- November 20, 2013
Post submitted by Tushar M, HRC Global Engagement Fellow
Today Scotland’s Marriage and Civil Partnerships Bill, which aims to extend marriage rights to same-sex partners, passed the first of three stages in the Scottish Parliament, with a staggering majority of 98 votes to 15 and 5 abstentions. This is the first time Members of the Scottish Parliament have voted on same-sex marriage.
Civil partnerships have been legal in the UK since 2004 and give same-sex couples most of the rights of married couples. Scotland and Northern Ireland began the debate around marriage equality in 2011, after the Scottish Government held a consultation on not only removing religious prohibitions for civil partnerships but also legalizing same-sex marriage within that country.
Should the current legislation move forward, marriage equality could come to Scotland in early 2014. Conservative members of the Scottish Parliament are speaking up against the bill calling it an “undermining to traditional marriage” and have voiced concerns about members having being pressured into vote “Yes” just to avoid being branded as homophobic.
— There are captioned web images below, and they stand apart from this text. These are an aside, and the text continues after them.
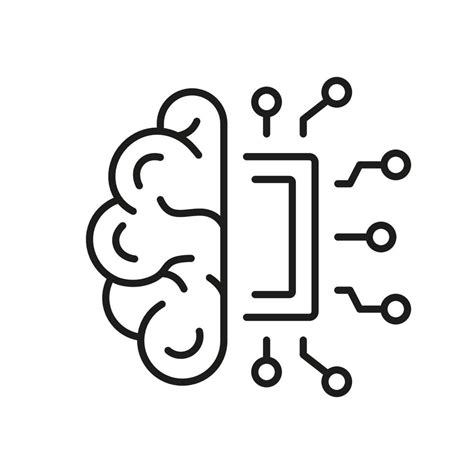 AI, Innovation Neuroscience Concept Outline Icon. Artificial Intelligence Line Icon. Human Brain ...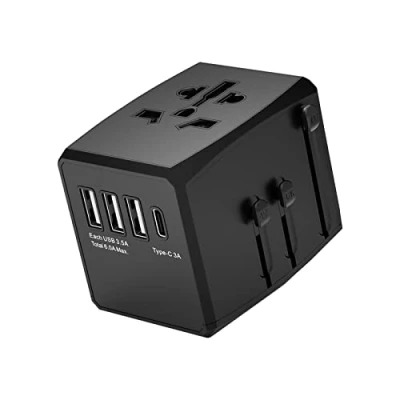 Image de Adaptateur de Voyage Universel 3,5 A Haute Vitesse 3 Ports USB + Type C, d&#039;alimentation International Puissance Maximale à 1920 W 240 V Prise AC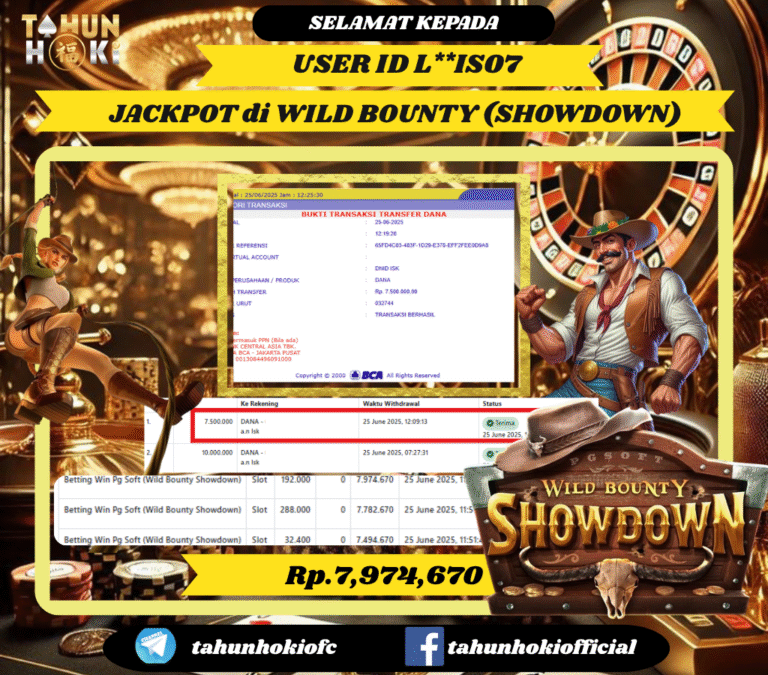 TAHUNHOKI MENANG WILD BOUNTY (SHOWDOWN) PG SOFT Rp. 7,974,670,- LUNAS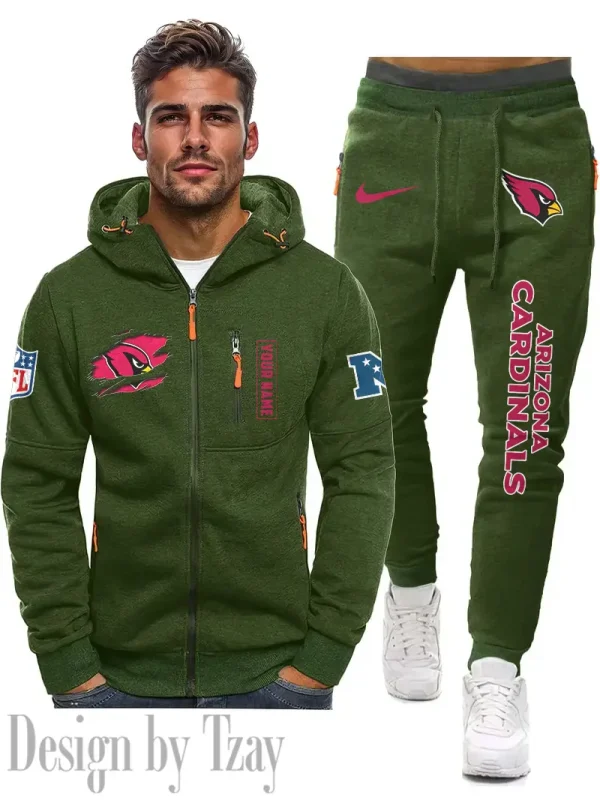 Arizona Cardinals Men 2D Zipper Hoodie And Jogger Spring Autumn Fashion 2025 SPTM2DZHAJ253 - Image 4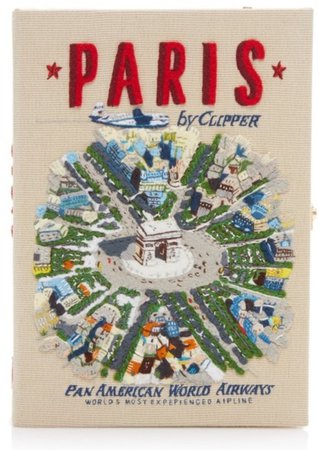 Olympia Le-Tan Paris Embroidered Canvas Book Clutch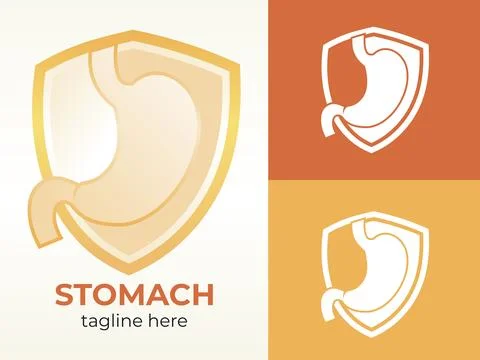 Set of Four Stomach Logos with a Protective Shield for Health and Medical B.. Stock Illustration
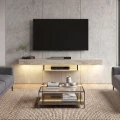 Έπιπλο τηλεόρασης επιτοίχιο Albares Megapap με LED χρώμα travertine 150x29,6x22εκ.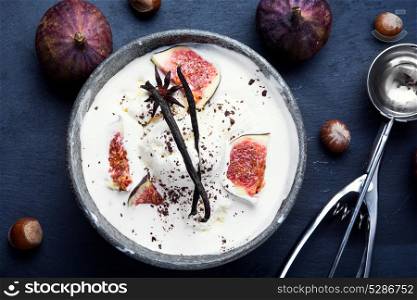 Summer ice cream with figs. ice cream with nuts, vanilla and chocolate
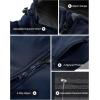 image33000ft Womens Waterproof Softshell Long Rain Jacket with Hood Fleece Lined Windproof WindbreakerDark Blue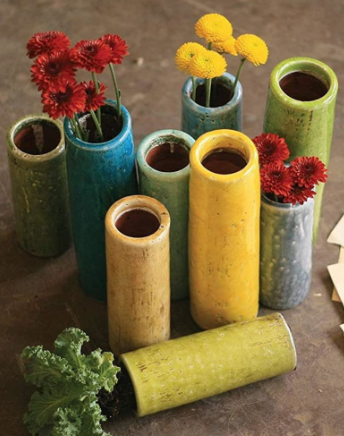 CERAMIC BUD VASE - CRACKLED FINISH - 10"T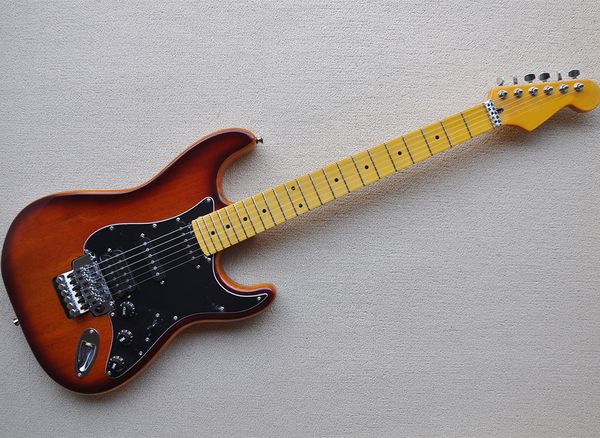 brown electric guitar with yellow maple fretboard,black pickguard,floyd rose,can be customized
brown electric guitar with yellow maple fretboard,black pickguard,floyd rose,can be customized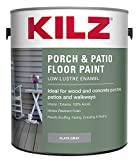 KILZ Low-Lustre Enamel Porch & Patio Latex Floor Paint, Interior/Exterior, Slate Gray, 1 Gallon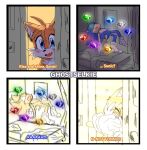  2boys animal_ears artist_name bed blush clenched_hands closed_eyes english_commentary english_text fang fox_ears furry furry_male gh0stselkie gloves highres male_focus meme motion_blur multiple_boys open_mouth sketch smile sonic_(series) sonic_the_hedgehog super_sonic tails_(sonic) white_gloves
Though the Catholic Church and Church of Scotland oppose the legislation, there remains many supportive religious leaders who support same-sex marriage in Scotland.
Earlier this month, the Prime Minister of Ireland finally came out in support of same-sex marriage, setting in motion the initial stages of a referendum on same-sex marriage set to be held in Spring 2015.
Currently, fifteen countries have marriage equality nationwide (Netherlands, Belgium, Spain, Canada, South Africa, Norway, Sweden, Portugal, Iceland, Argentina, Denmark, France, Brazil, Uruguay, and New Zealand) with one other country – England and Wales – nearly there after Queen Elizabeth gave her royal assent to marriage equality legislation approved by both houses of parliament.